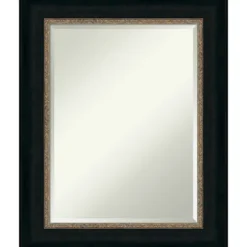 Brown And Bronze Scalloped Edge Frame Mirror-Kirkland's Home Online
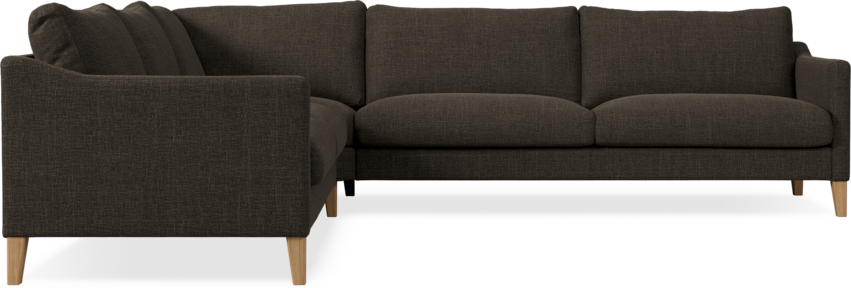 Winston - Hörnsoffa, 2+3-sits - Brun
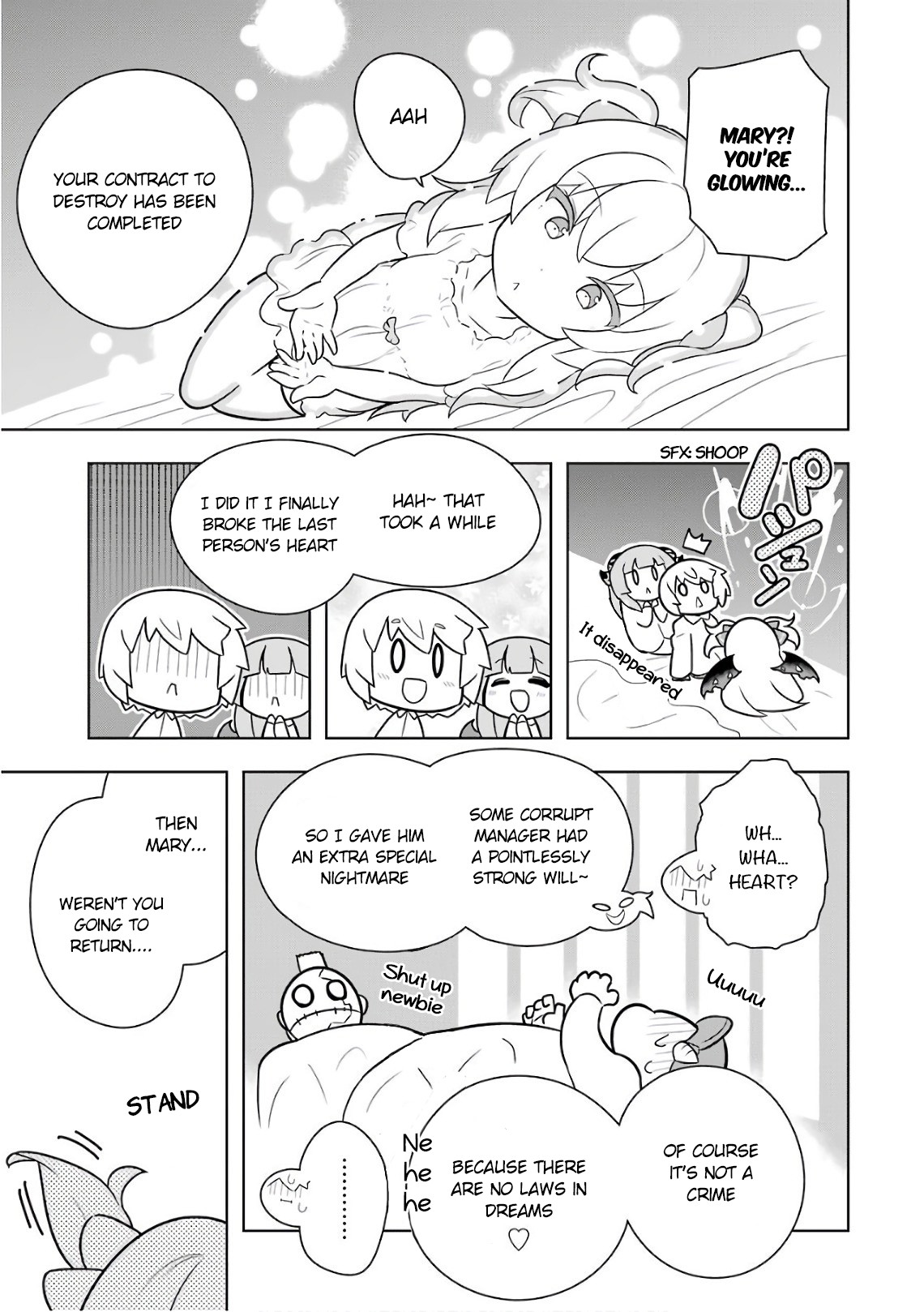 Though Young People Recoil From Entering the Black Magic Industry, I Found Its Treatment of Employees Quite Good When I Entered It, and the President and Familiar Are Cute Too So Everything Is Awesome! Chapter 11 page 27 - Chapter 11: Black Magic for Someone's Sake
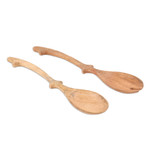 Wood salad spoons, 'Imperial Flavors' (set of 2) - Handcrafted Salad Spoons Crafted from Mango Wood (Set of 2)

EXERCISE:
Reproduce the full material exactly, excluding the pictures.

OUTPUT:
 Brown And Bronze Scalloped Edge Frame Mirror-Kirkland's Home Online
 Winston - Hörnsoffa, 2+3-sits - Brun
 Though Young People Recoil From Entering the Black Magic Industry, I Found Its Treatment of Employees Quite Good When I Entered It, and the President and Familiar Are Cute Too So Everything Is Awesome! Chapter 11 page 27 - Chapter 11: Black Magic for Someone's Sake
 Wood salad spoons, 'Imperial Flavors' (set of 2) - Handcrafted Salad Spoons Crafted from Mango Wood (Set of 2)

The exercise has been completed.